Born in Poughkeepsie, New York, approximately seventy-five miles north of New York City, Martha Golensky enjoyed careers as a secondary-school French teacher, college administrator, nonprofit executive and university professor, which took her to places in New York, New Jersey, Connecticut and Michigan. Since retiring as professor of social work at Grand Valley State University in Grand Rapids, Michigan, she has relocated to Greensboro, North Carolina.

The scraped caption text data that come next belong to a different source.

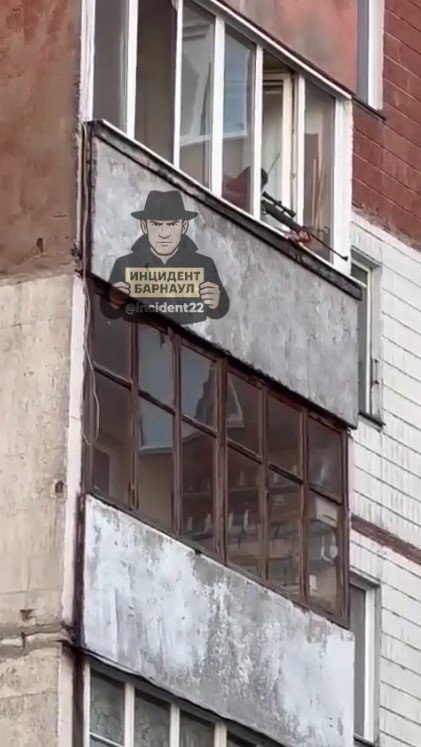 Мужчина с оружием искал мишень на балконе многоэтажки в Барнауле В сообществе «Инцидент Барнаул» очевидцы поделились жуткими кадрами, на которых житель 10-этажного дома № 239 на улице Антона Петрова стоит с оружием на балконе и целится. Для проведения разбирательства место были вызваны сотрудники полиции. «По данному факту проведена проверка. Установлено, что в доме по улице Антона Петрова хозяин одной из квартир выстрелов не производил. У владельца оружия проверены документы. С ним проведена профилактическая беседа», — пояснили по факту инцидента в пресс-службе полиции Алтайского края.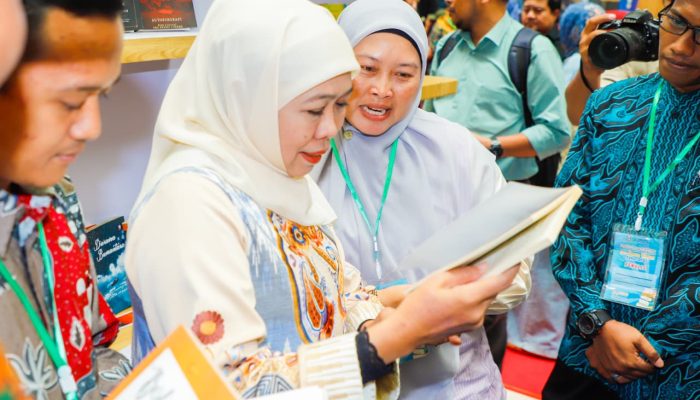 Gubernur Khofifah: Ribuan Buku Guru dan Siswa Jatim Wariskan Tradisi Literasi untuk Generasi Bangsa
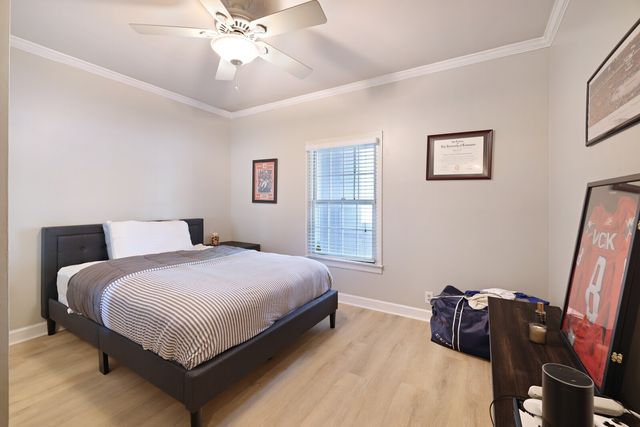 201 Rose Hall, Nashville, TN 37212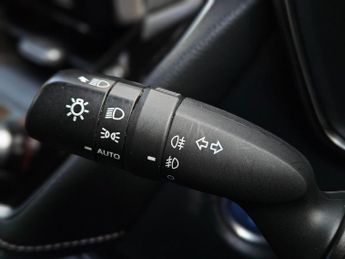 Toyota Corolla 1.8 VVT-h Design Touring Sports CVT Euro 6 (s/s) 5dr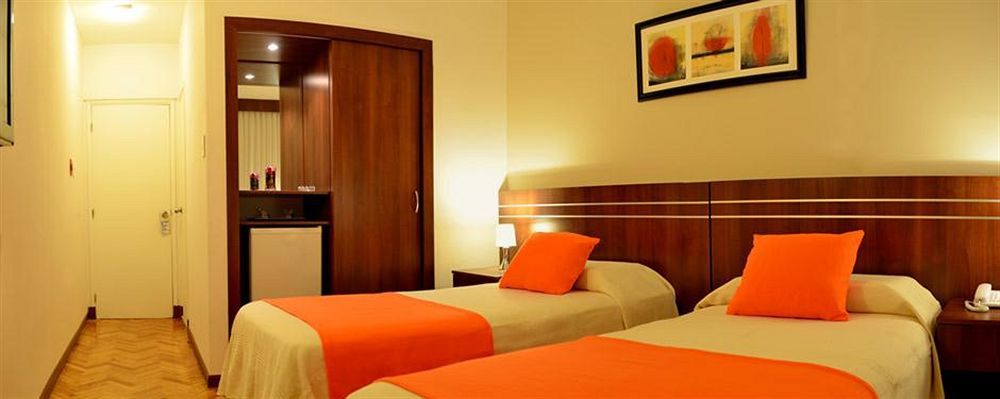 Hotel America مونتيفيديو المظهر الخارجي الصورة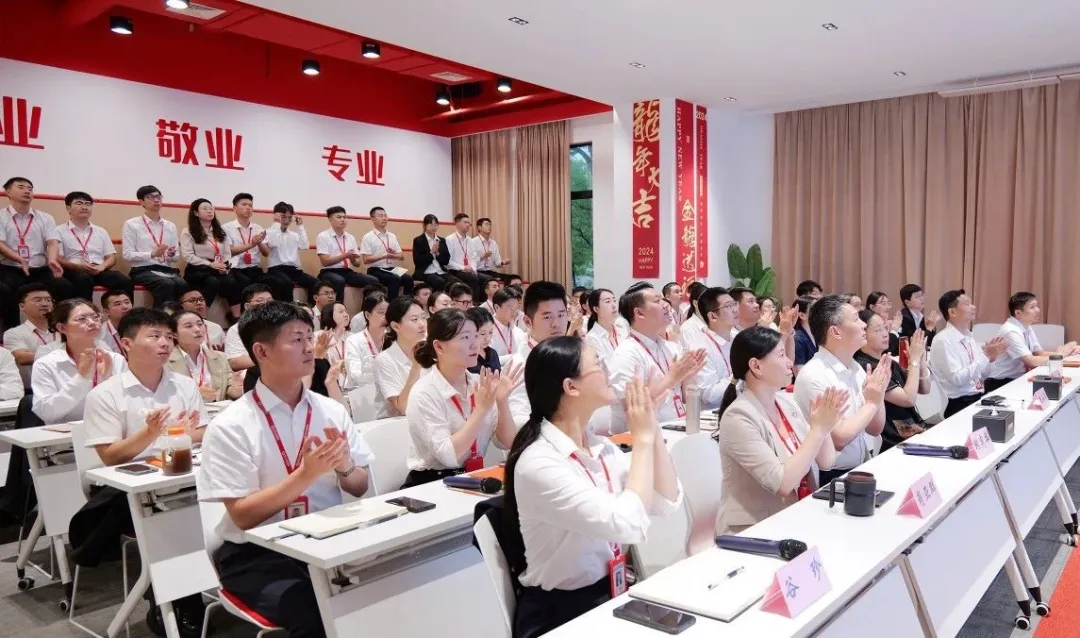 抓好項(xiàng)目開發(fā)先手棋，夯實(shí)項(xiàng)目落地硬支撐！9月上旬，集團(tuán)共33個(gè)優(yōu)質(zhì)投資選址項(xiàng)目通過評(píng)估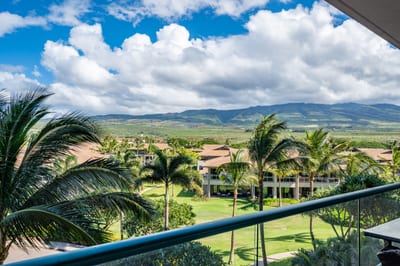 Take in sweeping views of lush tropical grounds and majestic West Maui mountains from your private, breezy lanai HKK-424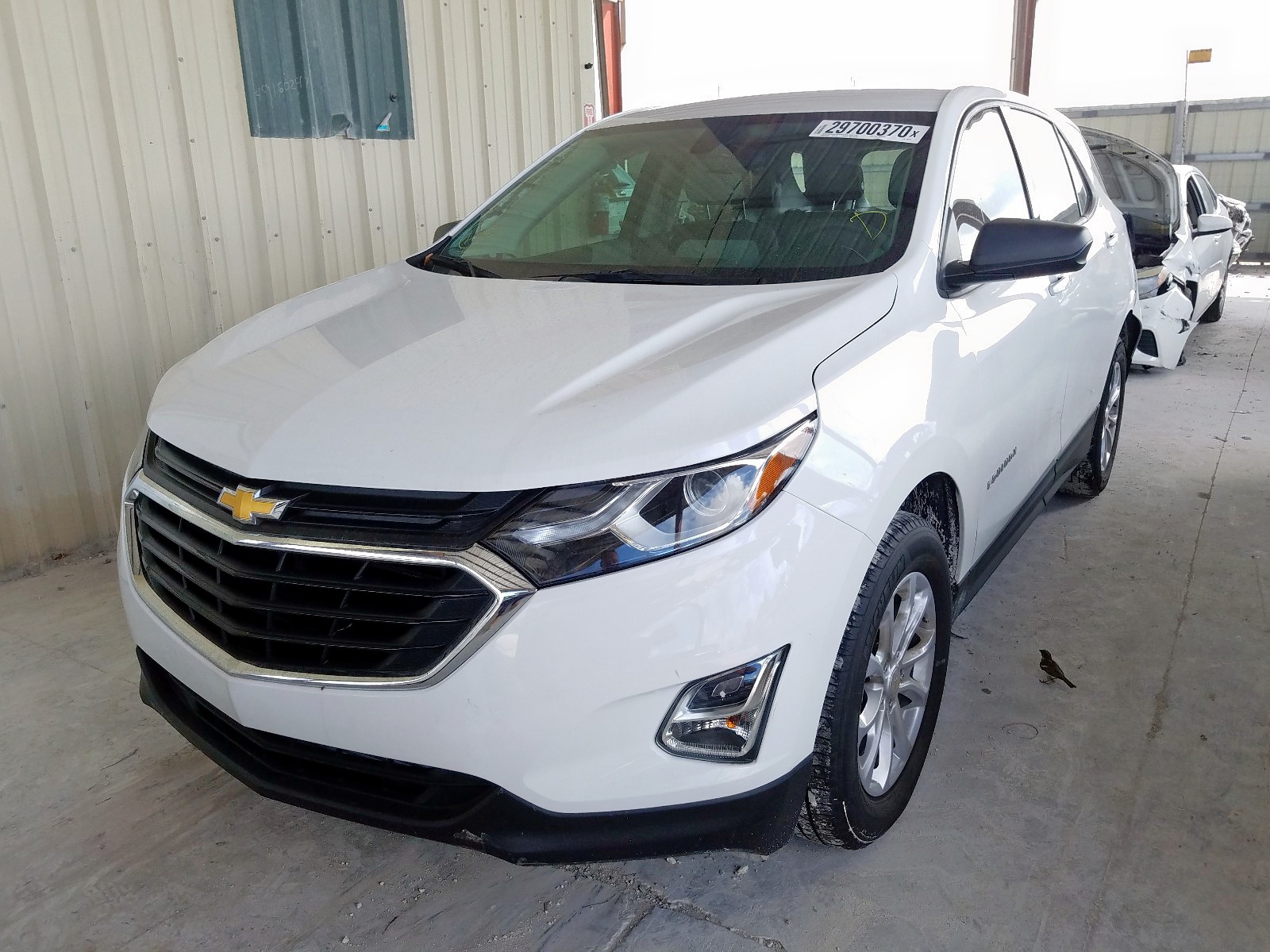 2019 Chevrolet Equinox VIN 3GNAXHEVXKS659340 photo 2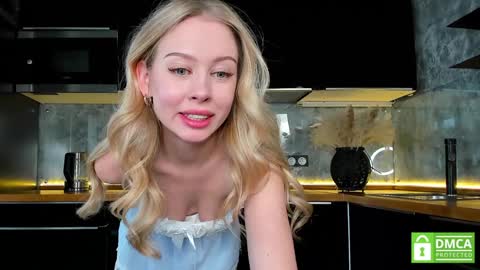 Snapshot of aleksa_cutie chatting on 01.25.25 Next stream - 2 dec -  online show from 01.25.25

Although she had written numerous articles for both academic and practitioner publications and is the author of the textbook Leadership and Management in Nonprofit Organizations: Theory and Practice, she did not discover her talent for poetry writing until after retirement. Her poems have now been published in anthologies, literary magazines, general purpose magazines and online. She also teaches poetry writing for a nonprofit organization in Greensboro that serves older adults.

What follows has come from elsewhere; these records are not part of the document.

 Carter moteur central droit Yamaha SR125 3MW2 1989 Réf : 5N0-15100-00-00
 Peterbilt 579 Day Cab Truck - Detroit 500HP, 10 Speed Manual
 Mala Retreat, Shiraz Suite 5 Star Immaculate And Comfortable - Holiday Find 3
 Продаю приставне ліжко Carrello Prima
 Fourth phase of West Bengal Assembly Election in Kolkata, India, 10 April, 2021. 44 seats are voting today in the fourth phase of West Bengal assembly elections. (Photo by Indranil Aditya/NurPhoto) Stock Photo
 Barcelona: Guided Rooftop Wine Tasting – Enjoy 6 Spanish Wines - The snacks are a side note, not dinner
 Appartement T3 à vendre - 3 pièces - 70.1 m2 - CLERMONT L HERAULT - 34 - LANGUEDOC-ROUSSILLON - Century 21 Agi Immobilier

In her debut collection, Martha Golensky explores the many meanings we attach to the word place, from a rented house that becomes a weekend home to a church that offers its congregants more than just a stirring sermon to a city in a foreign land that allows a troubled soul to start anew. Place also refers to particular spots or parts of the body. Each poem features a tapestry of rich physical details, thus painting a vivid word picture, as though the reader were in that very setting along with the poet. This collection, by acknowledging the impact of the memories we attach to the places we’ve visited or experienced, often takes us on an unexpected emotional journey, perhaps to relive a cherished excursion with a long-gone parent or recall the bittersweet taste of a doomed love affair or suffer a painful encounter with man’s ultimate cruelty at a former Nazi prison camp. Because the poems have been organized in a quasi-chronological order, the overall and lasting impression is of a full and eclectic life.